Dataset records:
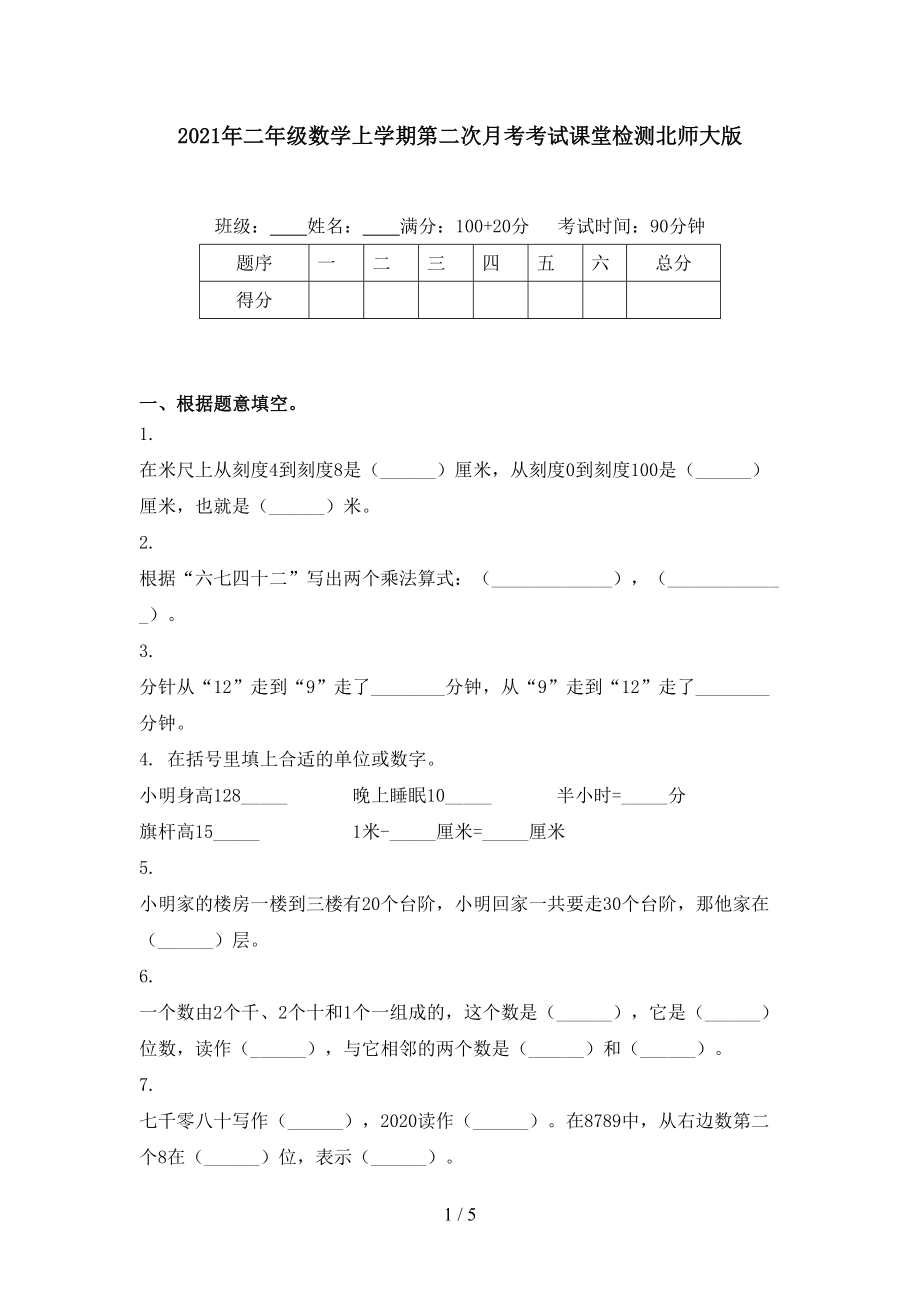 二年级数学上学期第二次月考考试课堂检测北师大版_第1页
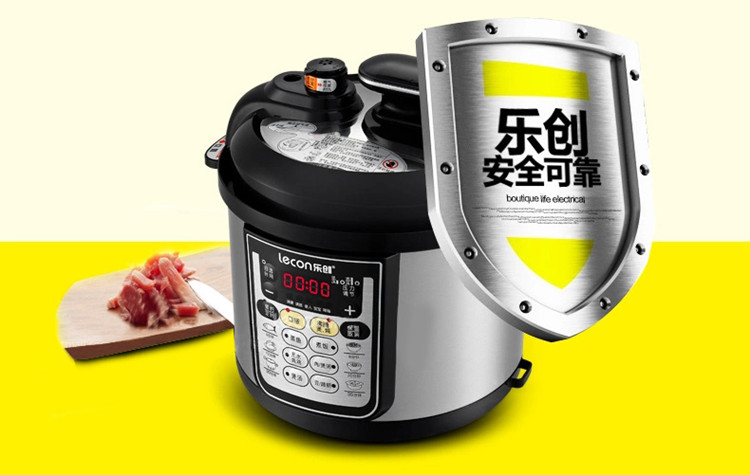 /乐创 完美的电高压锅饭煲4/5/6L升电压力锅双胆 煲锅 汤锅 4L
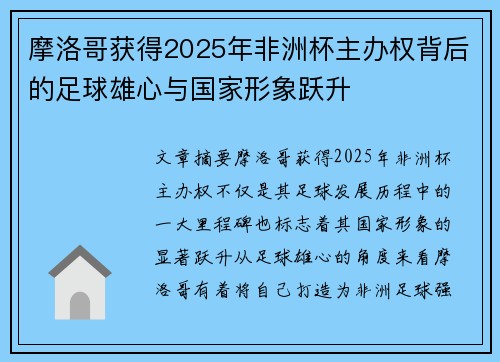 摩洛哥获得2025年非洲杯主办权背后的足球雄心与国家形象跃升 摩洛哥获得2025年非洲杯主办权背后的足球雄心与国家形象跃升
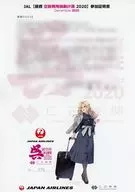 [単品] Hornet(ホーネット) 提督JAL搭乗証明書 「艦隊これくしょん～艦これ～ 呉鎮守府×C2機関×日本航空 空路戦略機動 提督JAL搭乗計画2020 空路戦略機動 搭乗記念アイテム5点セット」 同梱特典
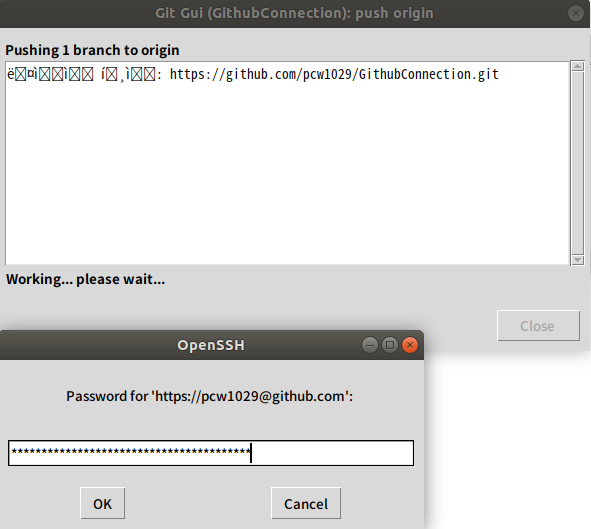 connectGithubRemoteRepository_16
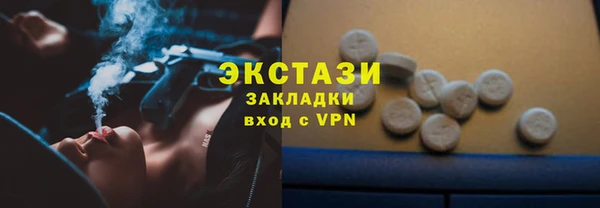 ALPHA PVP Абаза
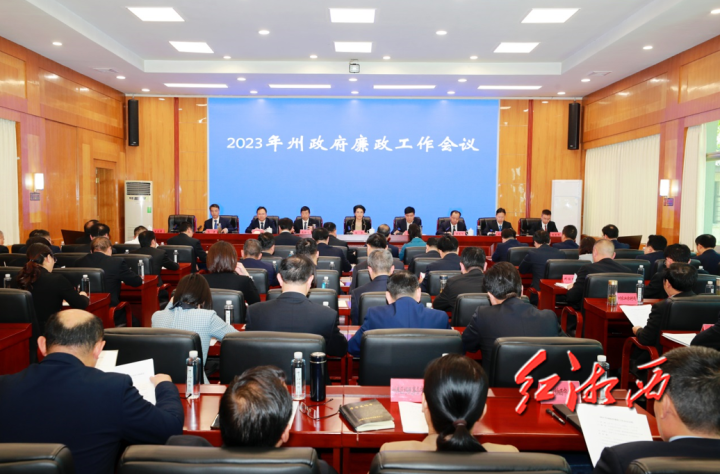 陈华：全面落实落细党风廉政建设责任 努力建设让党放心让人民满意的廉洁政府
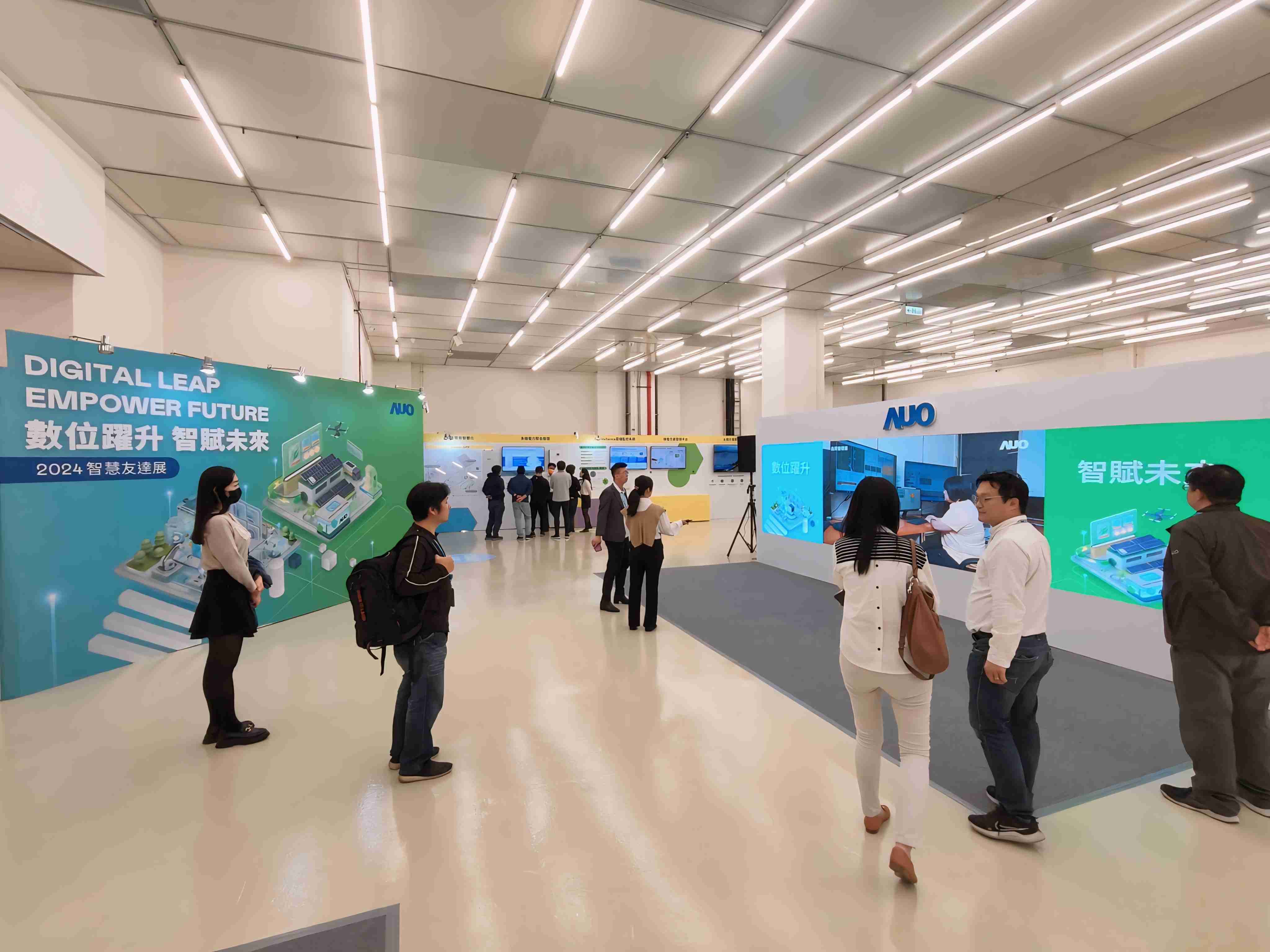 2024智能彩运网展邀集生态圈伙伴共同参展，，，，从数字应用、、、净零减碳到能源发展，，创造全方位永续商机，，携手生态圈伙伴迈向永续未来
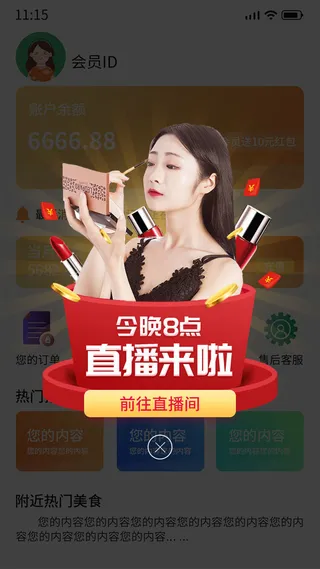 红色手绘简约化妆品护肤品直播活动促销电商广告弹窗直播弹窗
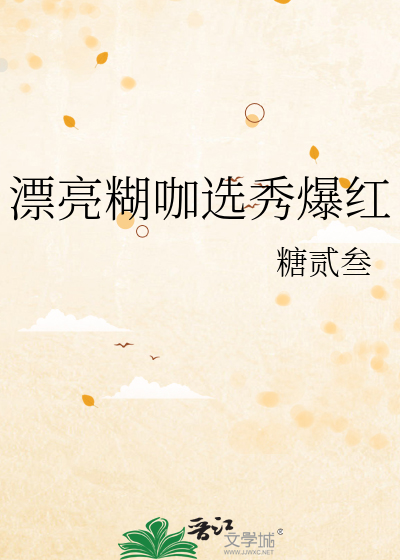 漂亮糊咖選秀爆紅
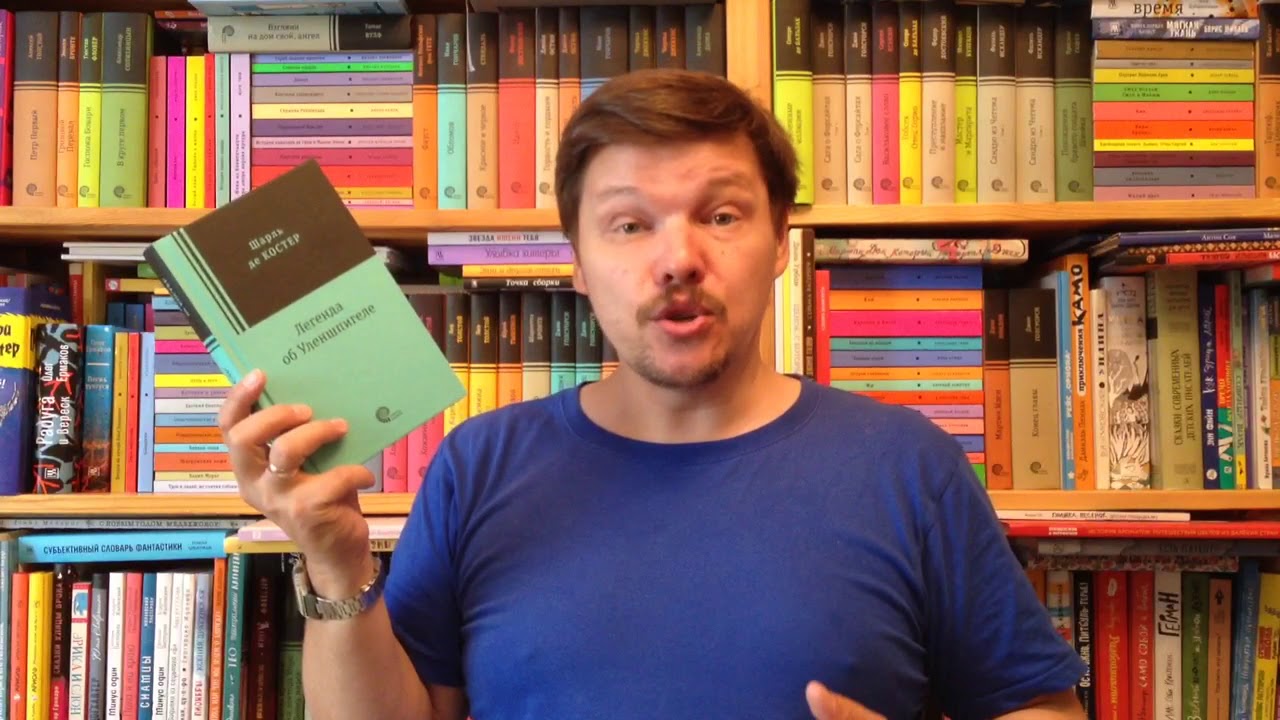 Video Cover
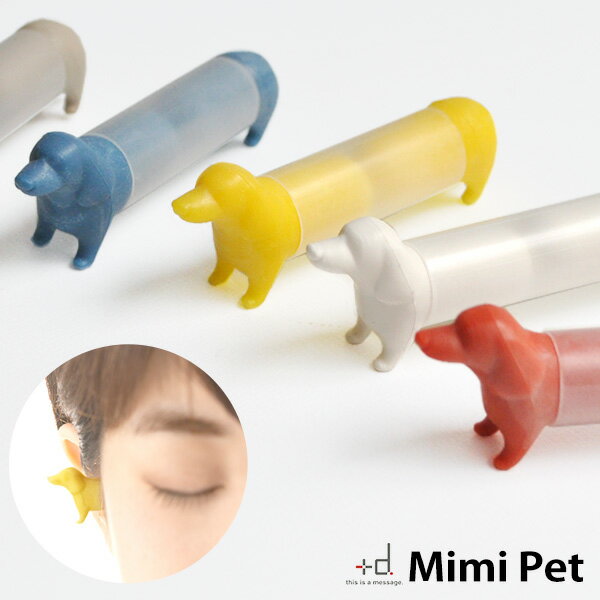 +d ミミペット Mimi Pet 日本製 [耳栓 耳せん ダックスフンド ダックスフント 犬 ユニーク かわいい 遮音 睡眠 作業 勉強 仕事 旅行 安眠グッズ 快眠グッズ Mimi Pet プラスディー アッシュコ…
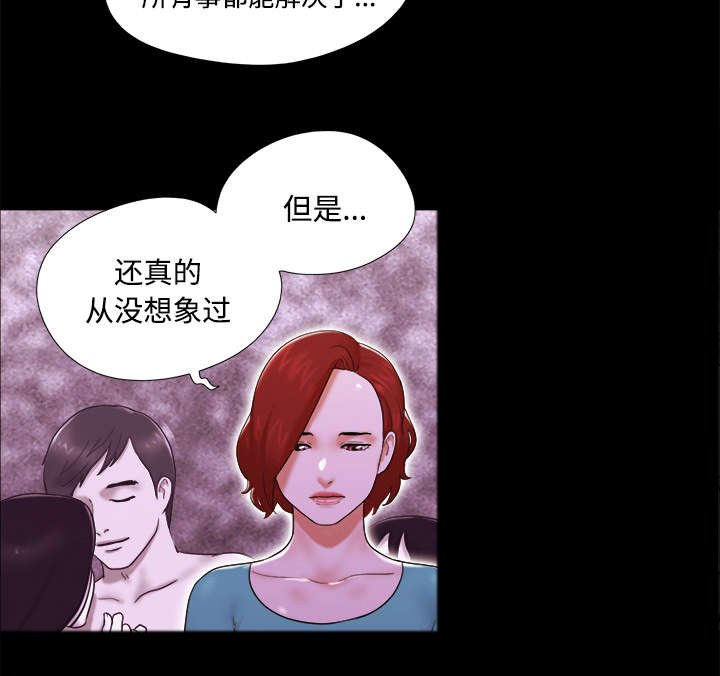 第30章：真相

• **What is being asked**
Set down the records again verbatim, with no pictures.

• **Written response**
 二年级数学上学期第二次月考考试课堂检测北师大版_第1页
 /乐创 完美的电高压锅饭煲4/5/6L升电压力锅双胆 煲锅 汤锅 4L
 摩洛哥获得2025年非洲杯主办权背后的足球雄心与国家形象跃升 摩洛哥获得2025年非洲杯主办权背后的足球雄心与国家形象跃升
 [単品] Hornet(ホーネット) 提督JAL搭乗証明書 「艦隊これくしょん～艦これ～ 呉鎮守府×C2機関×日本航空 空路戦略機動 提督JAL搭乗計画2020 空路戦略機動 搭乗記念アイテム5点セット」 同梱特典
 connectGithubRemoteRepository_16
 ALPHA PVP Абаза
 陈华：全面落实落细党风廉政建设责任 努力建设让党放心让人民满意的廉洁政府
 2024智能彩运网展邀集生态圈伙伴共同参展，，，，从数字应用、、、净零减碳到能源发展，，创造全方位永续商机，，携手生态圈伙伴迈向永续未来
 红色手绘简约化妆品护肤品直播活动促销电商广告弹窗直播弹窗
 漂亮糊咖選秀爆紅
 Video Cover
 +d ミミペット Mimi Pet 日本製 [耳栓 耳せん ダックスフンド ダックスフント 犬 ユニーク かわいい 遮音 睡眠 作業 勉強 仕事 旅行 安眠グッズ 快眠グッズ Mimi Pet プラスディー アッシュコ…
 第30章：真相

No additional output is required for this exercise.